Pandas version checks
-
[X] I have checked that this issue has not already been reported.
-
[X] I have confirmed this bug exists on the latest version of pandas.
-
[ ] I have confirmed this bug exists on the main branch of pandas.
Reproducible Example
import pandas as pd
df = pd.MultiIndex.from_product([[1, 2], [3, 4]], names=['a', 'b']).to_frame()
idx1, _ = next(iter(df.groupby(level=[0])))
idx2, _ = next(iter(df.groupby(level=[0, 1])))

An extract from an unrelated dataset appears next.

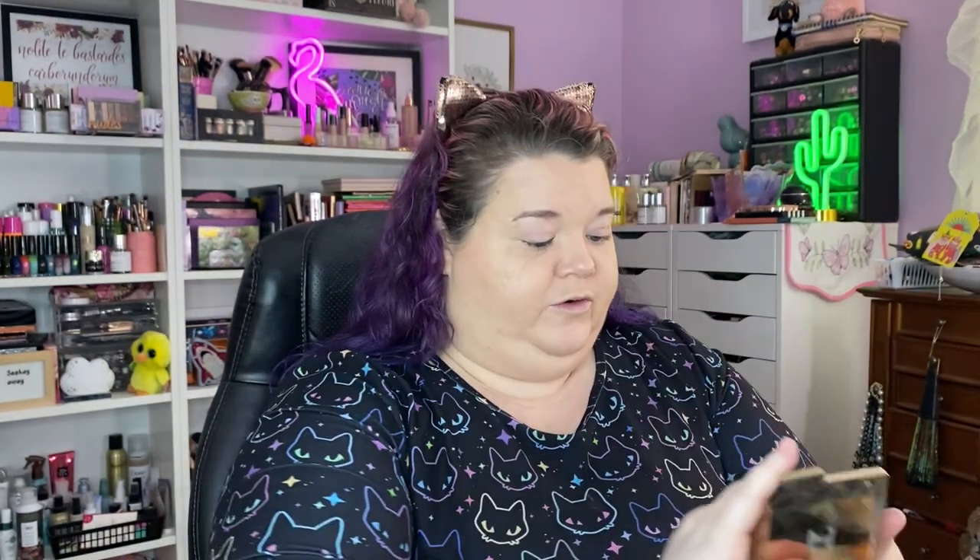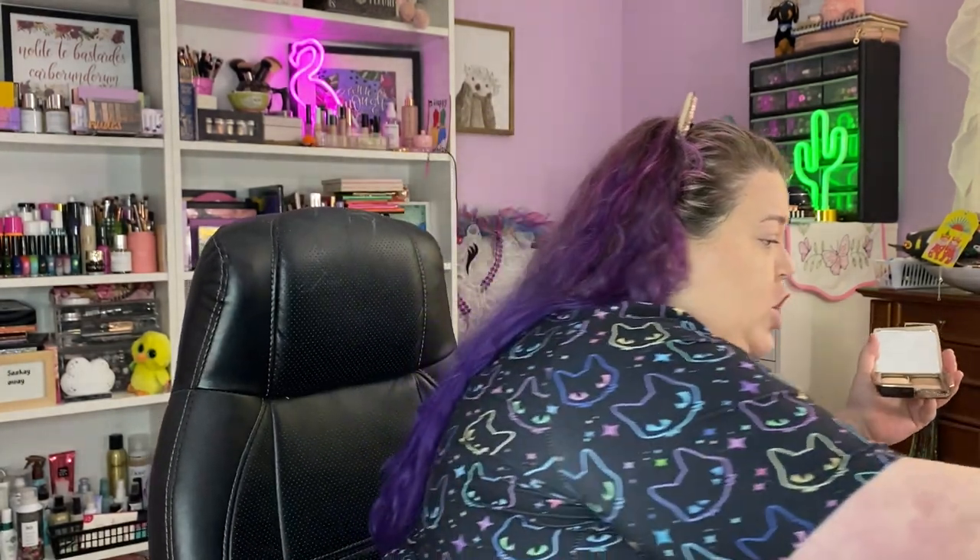Let's use a product from last year — this is the Hourglass Ambient Lighting Edit Mini. It's got a finishing powder, a bronzer, a blush, and what they call a strobe powder which is really a highlighter. This came in my lucky bag last year and it's gorgeous. I'm going to use a little bit of the finishing powder to set my under eyes with a small Luxie brush. Hourglass products have such beautiful finishes if you like an airbrushed effect — I love them, they're so pretty.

assert type(idx1) == type(idx2) # Error
Issue Description
For consistency, when grouping using a single level that's specified as multiple levels (e.g. in a list) on a dataframe that has multiindex, the return types of the index should be consistent to the multiple-multiple levels. Same idea as the difference between df.iloc[0]
and df.iloc[[0]]
.
Expected Behavior
assert idx1 == (1, )
assert idx2 == (1, 3)
Installed Versions
Comment From: phofl
cc @rhshadrach Thoughts?
Comment From: rhshadrach
We recently did this for the by
argument, +1 on doing it for level
too.
Comment From: august-tengland
Take
Comment From: august-tengland
Hi! New Pandas contributor here (apologies for potentially stupid questions): Does this issue only consider the indexes that are "generated" when iterating? For iter(), we create them in group_keys_seq@/core/groupby/ops.py:
def group_keys_seq(self):
if len(self.groupings) == 1: # This is a problem
return self.levels[0]
...
If I add the condition that self.groupings[0].level is None
and omit the following in grouper.py (line 835):
if isinstance(group_axis, MultiIndex):
if is_list_like(level) and len(level) == 1:
level = level[0] # remove this
I get the expected behavior, however, it will not affect any other potential ways to get the index which doesn't use groups_key_seq (if such exists).
Comment From: rhshadrach
Thanks for picking this up!
Does this issue only consider the indexes that are "generated" when iterating?
Yes.
I get the expected behavior, however, it will not affect any other potential ways to get the index which doesn't use groups_key_seq (if such exists).
I'm not 100% sure I follow, but if it's related to the above question, then I think this is okay. We're only looking to impact __iter__
here.
Comment From: august-tengland
Thanks for your response!
I'm not 100% sure I follow, but if it's related to the above question, then I think this is okay. We're only looking to impact iter here.
That's great, I think I can get a PR on this by next week.